A solar geoengineering project at Harvard is based on a simple idea: release aerosols into the stratosphere.
Could we cool down the planet by mimicking a volcano?
Our impacts on the planet, including its climate, have been colossal so if we don’t want to see the end of life on Earth as we know it, we’ll need to do something. Doing something means either reducing those impacts considerably or else trying to remedy their effects, such as through large-scale geoengineering projects.
That also applies to the climate. Unless we do something and fast, the effects of climate change are set to spiral out of control, wreaking havoc with the planet’s environment from pole to pole and everywhere in between.
To stop that happening, a team of scientists at Harvard University in the United States has an idea: they suggest deploying a fleet of specially designed new aircraft to spray sulfate particles into the lower stratosphere with the aim of helping cool down our feverish planet.
It may sound like a scheme by a mad scientist in a James Bond movie, or a futile effort at best, yet the scientists believe it could work. Called the Stratospheric Controlled Perturbation Experiment (SCoPEx), the solar geoengineering project is based on a simple idea: if we can increase Earth’s ability to reflect solar radiation back into space, we can keep us cooler at ground level.
To do that, though, we would need to vast amounts of aerosols into the stratosphere at nearly 20km above the surface. That would be quite an undertaking.

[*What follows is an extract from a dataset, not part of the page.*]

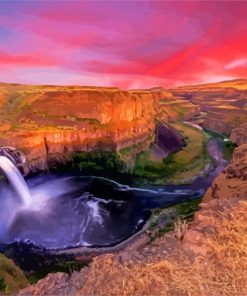 Palouse Waterfall paint by numbers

The scientists envision a fleet of up to 100 specially designed jets, which would need to complete more than 60,000 missions over 15 years in order to pull it off. The project could cost around $3.5 billion to get it off the ground with an extra $2.25 billion spent on it in each subsequent year. Billionaire investor Bill Gates has thrown his support behind the idea, as have the Hewlett Foundation, the Alfred P. Sloan Foundation, and several other institutions and individuals so funding might be on the way.

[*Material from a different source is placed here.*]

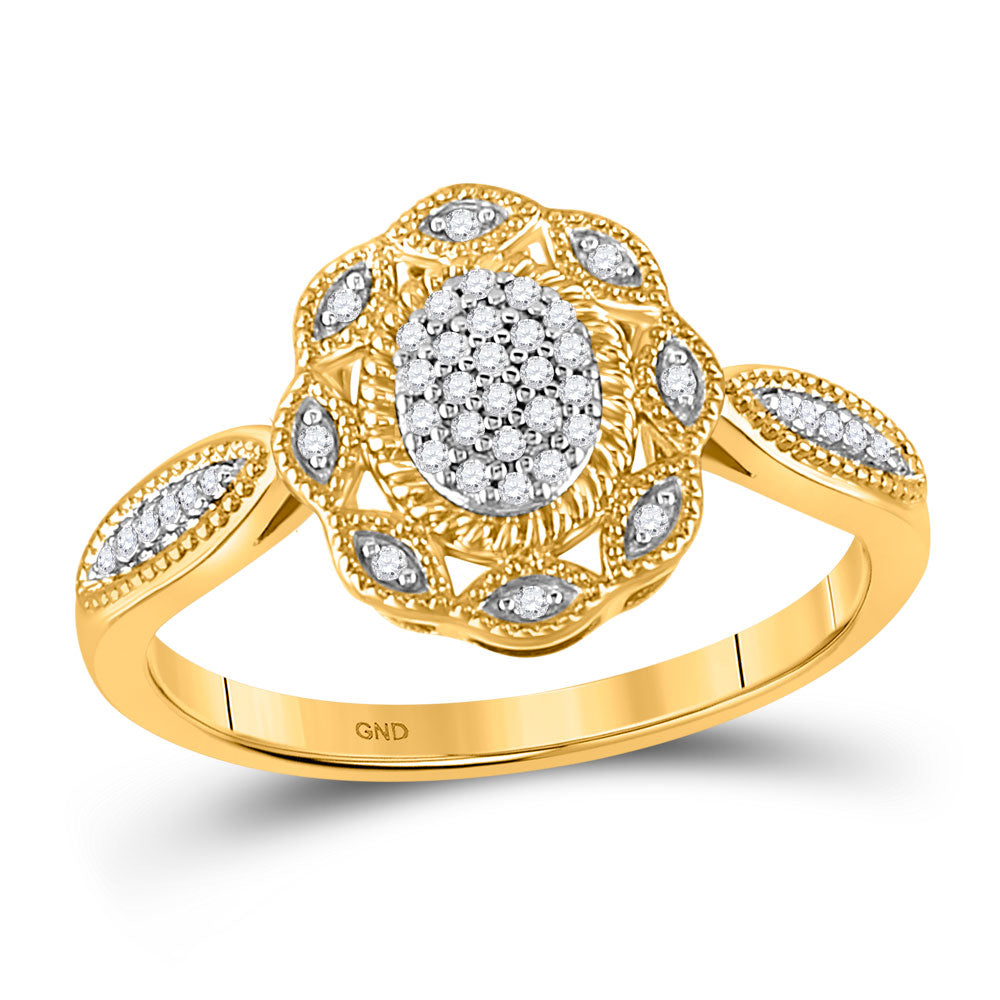 10kt Yellow Gold Womens Round Diamond Oval Cluster Ring 1/8 Cttw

“SCoPEx builds on four decades of research on the environmental chemistry of the ozone layer,” the scientists explain. “SCoPEx will use or adapt many of the high-performance sensors and flight-system engineering experience developed for this ozone research. Analyzing these experiments will improve our knowledge beyond what is currently available within computer models or is measurable with confidence under laboratory conditions.”
That said, releasing large amounts of aerosols into the atmosphere to cool the planet is a tall order for us. Yet nature has done just that repeatedly. It did so in 1815, for instance, when the Mount Tambora volcano erupted in what is now Indonesia in the spring of that year. The volcano spewed vast amounts of volcanic ash and droplets of sulfuric acid into the atmosphere.
The ash and droplets came to act as a screen that shielded the surface from many of the sun’s rays. Global temperatures dropped as a result and 1816 came to be known the “Year Without a Summer.”
Questions remain, though, about the feasibility of pulling off such an ambitious undertaking successfully. We should also be concerned about the possible unintended consequences. Numerous species of plants and animals could be adversely affected by a serious reduction in sunrays over many years, which could speed up already alarming extinction rates.
Reducing our greenhouse gas emissions significantly is still our best bet. Yet failing that we’ll have to try other last-ditch efforts. “[A]s the effects of climate change worsen, solar geoengineering may be looked to as a tool to mitigate these effects,” argues Louise Bedsworth, who chairs Harvard’s Advisory Committee for the SCoPEx Project.
“I believe responsible, accessible, and transparent research is needed to understand the technical, political, and societal implications of solar geoengineering and to support informed decisions around deployment if such decisions become necessary.”